50の大台にのるときの心境とは、かなりちがう。40代から50代へ移行するときと、60代に移行するときでは、それぞれの出発点がちがうものねと思う。前者の場合は、本当に盛んな年代から老齢へ近づく惧れみたいなものがあるかもしれない(あまり思い出せないが)。


しかし還暦のときは、もういいや、みたいな気持ちが生まれている。円熟というわけじゃない。しっかり自分も高齢者の一員になったという自覚があるみたいで、なにも騒ぐ必要ないじゃないかと思う。


振り返れば、どんな時代でも、なにも大げさに騒ぐ必要はなかったという感情もある。死んでしまうときは死んでしまうのだし、希望だの気分だのと、ぐちゃぐちゃしたものを原動力にして生きているわけじゃない。

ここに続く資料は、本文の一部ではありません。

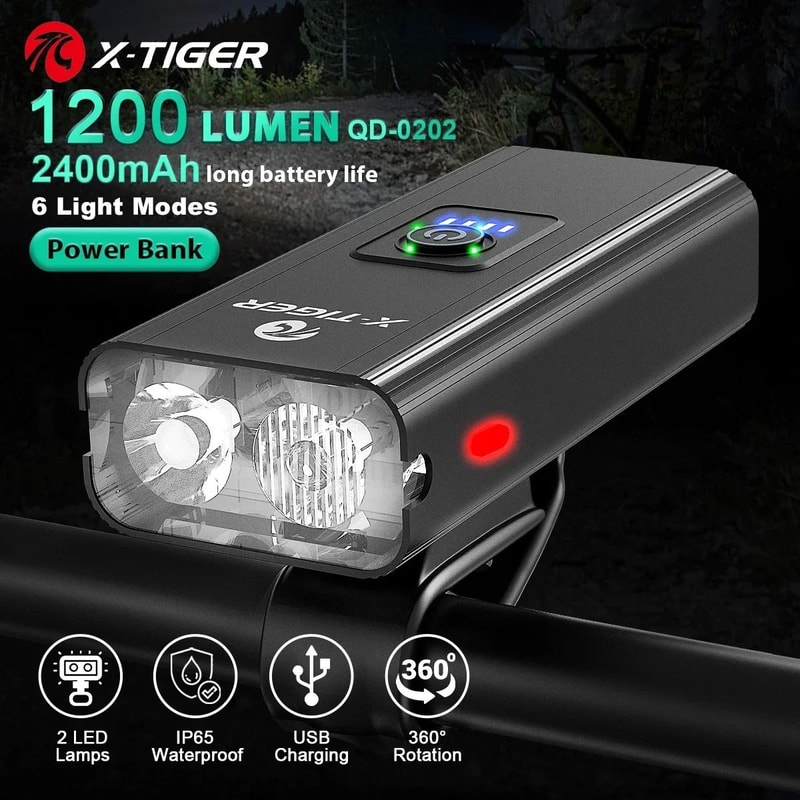 X Tiger Bike Light Headlight Bicycle Lamp With 5200mAh Power Bank 10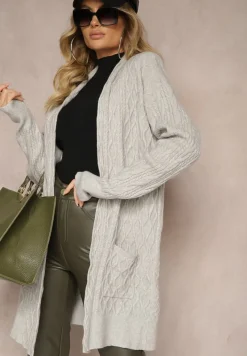 Szary Kardigan Nierozpinany o Długim Kroju Ozdobiony Tłoczeniem Vailithe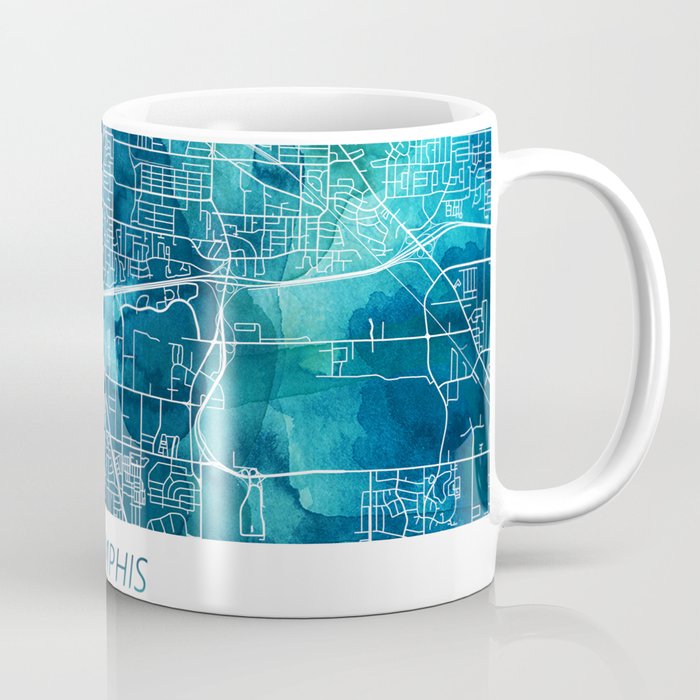 Memphis Tennessee Map Navy Blue Turquoise Watercolor USA States Map Coffee Mug
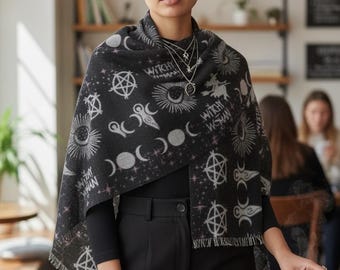 Moon Phase Witchy Scarf Pentacle Fringe Shawl Wrap Lightweight Celestial Boho Witch Style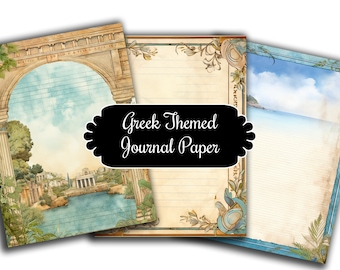 Enchanting Greek Themed Digital Journal Papers - Immerse Your Creations in Classic Mediterranean Charm - 50 Unique Designs, Instant Download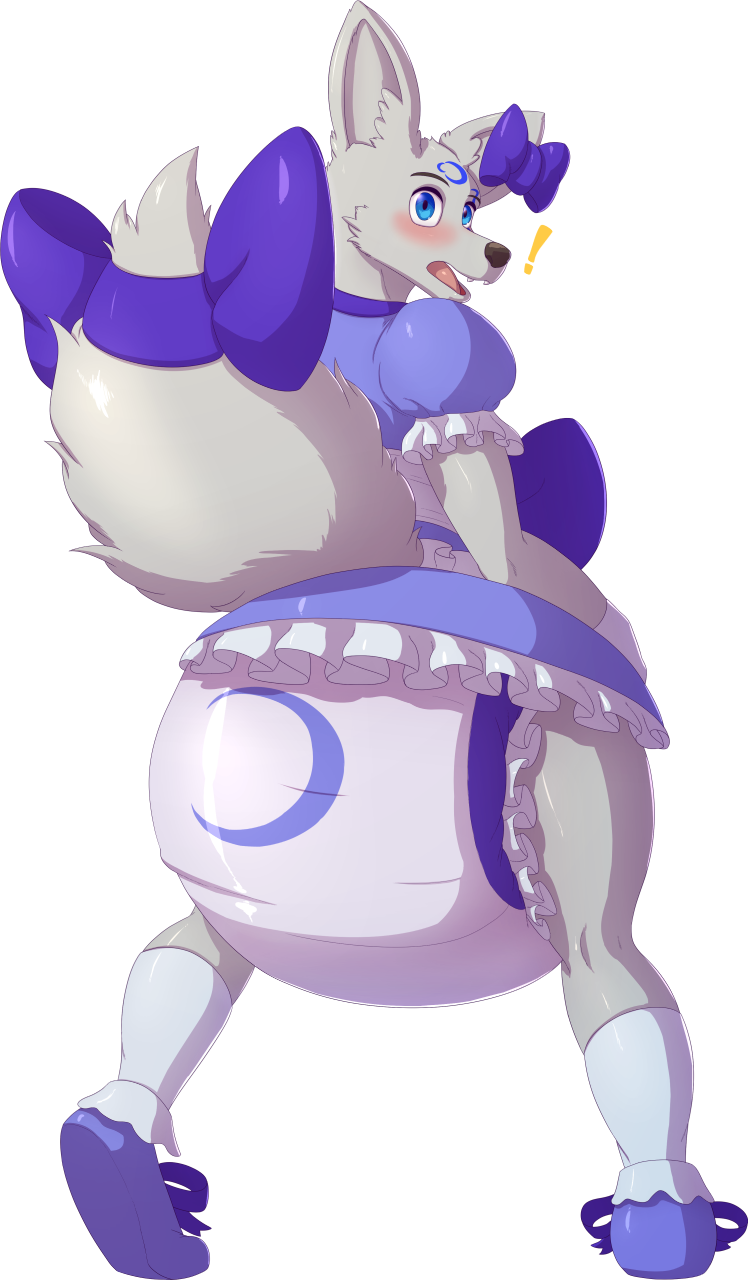 ! alpha_channel ambiguous_gender anthro blue_eyes blush bow canine clothed clothing diaper dress fox girly mammal simple_background solo transparent_background weewizzylizzy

先日、大腸がんの疑いがあるということで、精密検査を受けにいった。まる一日検査漬けになった。じつはこの何ヶ月前から(特に胃腸の)体調が悪く、腹が張るし痛みもあったので、こりゃいよいよ状況は悪いのかなという予感があった。しかし自分でも不思議に感じたのは、それでも人生80年の計画を立てなきゃだめだという思いに駆られていた。検査を待っているとき、ずっとPhotoshop(画像処理ソフト)の参考書を読んでいたくらい。


そのときの気分を思い返すと、死んでしまうときは死ぬだけなんだろうな、体が健康ならば80までは生きるんだろうな、という他人事みたいな感情。無論やりたいことはたくさんあるし、まだ成し遂げたいこともある。でも駄目なときは駄目。そのときジタバタするかもしれないが、ただそれだけ。推察するに、おのれを越える神の存在を受け入れたかも知れない。